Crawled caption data
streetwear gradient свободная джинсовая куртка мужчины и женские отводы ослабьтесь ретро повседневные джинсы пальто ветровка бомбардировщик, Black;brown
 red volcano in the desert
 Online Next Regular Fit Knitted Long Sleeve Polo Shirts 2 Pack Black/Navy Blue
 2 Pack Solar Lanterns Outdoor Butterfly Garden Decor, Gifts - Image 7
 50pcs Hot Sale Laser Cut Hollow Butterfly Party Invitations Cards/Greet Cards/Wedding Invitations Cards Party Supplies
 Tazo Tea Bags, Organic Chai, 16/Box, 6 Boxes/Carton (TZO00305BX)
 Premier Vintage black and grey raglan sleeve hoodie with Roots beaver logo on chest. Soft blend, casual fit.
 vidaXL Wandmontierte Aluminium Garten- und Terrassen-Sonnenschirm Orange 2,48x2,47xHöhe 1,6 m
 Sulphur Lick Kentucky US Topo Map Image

AIM OF THE TASK: All lines of the records above that contain the word "Butterfly" are to be copied out.

OUTPUT:
 2 Pack Solar Lanterns Outdoor Butterfly Garden Decor, Gifts - Image 7
 50pcs Hot Sale Laser Cut Hollow Butterfly Party Invitations Cards/Greet Cards/Wedding Invitations Cards Party Supplies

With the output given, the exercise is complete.